I bristled. “You think I’m hiding secrets?
I’m
the one who found
you
.
I’m
the one who told you about Paulo and the stationary gate.
I’m
the one who told you about my uncle and Charley and my dad. And
I’m
the one who wanted to tell everyone about the stationary gate from the start. But no.” I poked a finger at Rives’s chest. “
You’re
the one who wanted to wait.
You’re
the one who’s been keeping quiet about all your chit-chats with Maaka. If someone’s hiding something, it’s
you
. Not me.”
I crossed my arms and stared at Rives.
A hint of a smile crossed his face, then a wall came slamming down. Invisible. Impenetrable.
“What you see is what you get,” Rives said flatly.
“If you say so,” I said. “But I say you’re the one holding back.” My eyes held his. “I just don’t know why.”

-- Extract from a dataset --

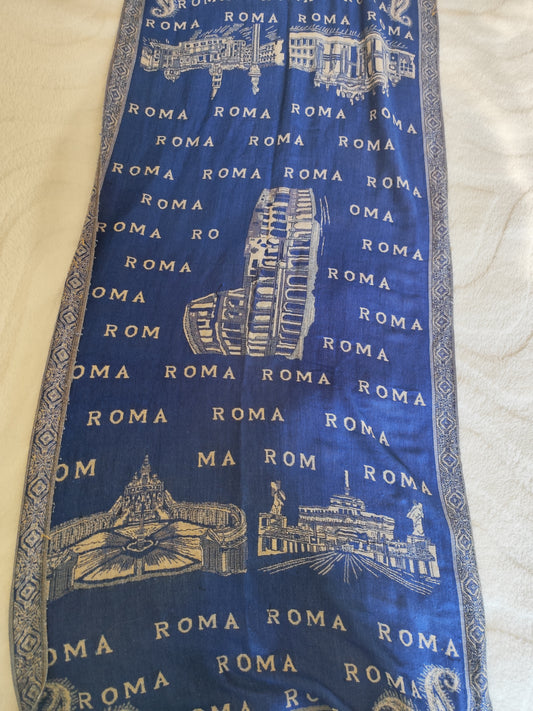 Grande écharpe vintage bleu imprimé Roma – 192x69 cm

“Everything okay?” Jillian called.
“Fine.” Rives’s voice was clipped.
We walked in silence.
He stopped, turning toward me. “I owe you an apology.” His voice was stiff.
“For what?”
“This morning. When I asked you to stay back. Later I realized you had your sling prepped and ready. Like you could take care of yourself. I was being an ass. I’m sorry.”
Stuck behind his polite wall, Rives’s apology felt strained. Still, it was an apology nonetheless, although I still didn’t understand why he’d gotten so angry.
Then it hit me: worry.
An emotion as powerful as anger, and one that could manifest in the same way. People only worried when they felt a sense of responsibility—or when they felt things spiraling out of control.
Rives was watching me as I studied him, waiting for my response.
“Apology accepted,” I said, my eyes on his. I almost reached out to touch his check, to see if the island had turned him to stone when I wasn’t looking, or maybe I just wanted to brush off the invisible weight making him tense and say
it’s okay,
but I didn’t. The barrier between us was too thick; I couldn’t breach it. Instead, I added, “I was fine. But—being Leader doesn’t mean you have to protect everyone.”
“Doesn’t it?” he shot back, his wall slipping. Fury and frustration and hurt peeked through. “How would you know, Skye? You just got here.”
I wanted to shake him out of this weird funk and into himself. I’d known him all of two days, but Rives was clearly split between roles; Leader, friend, and who knew what else, giving so much of himself, little was left. One person can only take on so much before he breaks.
Is that how my uncle became fearless? To survive Nil and its burdens?